Before the throne of God above
I have a strong and perfect plea;
a great High Priest whose name is Love,
who ever lives and pleads for me.
My name is graven on his hands,
my name is written on his heart.
I know that while in heav’n he stands
no tongue can bid me thence depart

The melody we sing today was written by Vicki Cook of Sovereign Grace Music, although it wasn’t known as Sovereign Grace at the time. It was founded as People of Destiny, although I believe that it had become PDI, and thus PDI music, by the time she wrote this melody in the mid-1990s. So it was introduced somewhere in the vicinity of ‘97.

The lyric, though, is public domain It was written by Charitie Bancroft who was an Irish hymn writer who lived from 1841 to 1923. The song had fairly limited usage until Vicki Cook wrote her melody. It was not entirely unknown but it was not widely sung either. But since that melody, at least in the circles I’m in, it has become one of the most beloved and recognizable congregational songs of my lifetime. If I were leading worship on a day we’re preaching from the first part of I John 2, I’m including it for sure.
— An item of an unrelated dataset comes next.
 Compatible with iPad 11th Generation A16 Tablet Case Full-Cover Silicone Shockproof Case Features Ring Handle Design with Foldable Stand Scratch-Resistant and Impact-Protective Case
So this is also your number one. What are some of your thoughts on what makes this song so good?

David Hill:
Yeah, so I’m gonna have to go with, first of all, these lyrics are just chill-inducing. They’re so good.

Daniel J. Mount:
Yes, they are.

David Hill:
And they have that really rare thing, which is that each verse ramps up the emotion.

Daniel J. Mount:
Yes.

David Hill:
And by the time you get to the third verse, it’s just really euphoric. But, I’m going to have to say right here, you know, you and I met as part of the Getty songwriting collective,

Daniel J. Mount:
Yes.

David Hill:
which was a kind of songwriting instructive online thing that the Gettys did. And one of the things that Keith Getty likes to say is that a really good lyric, with poor music is not going to go far, where the reverse is not necessarily true. And when he first said that, I thought, do I agree with that or do I not? But the longer I kind of look into hymns, I think he’s right. And it’s interesting that you said that this text has been around, how long, when did Bancroft write it, did you know?

Daniel J. Mount:
I don’t know off the top of my head what year she wrote it, but I think we can probably say it’s in the vicinity of a hundred year old lyric.

David Hill:
Yeah.

Daniel J. Mount:
Actually, she died in 1923. It’s 2023. I was thinking vicinity of a hundred-year-old at the time Vicki Cook’s melody was written.

David Hill:
Right.

Daniel J. Mount:
So vicinity of a hundred twenty-five-year-old lyric, and I’ll likely add her.

David Hill:
So, you know, one of the things I wanted to point out is that this melody is largely pentatonic, meaning that it uses only five notes of the scale. Now, it’s not entirely pentatonic because the second half uses the seventh scale degree. But pentatonic melodies tend to give a timelessness. And so if you think of “How Firm a Foundation,” “Amazing Grace,” “Brethren We Have Met to Worship,” those are all strictly pentatonic. But that is one thing that I think really helps this kind of capture that timelessness, timeless quality.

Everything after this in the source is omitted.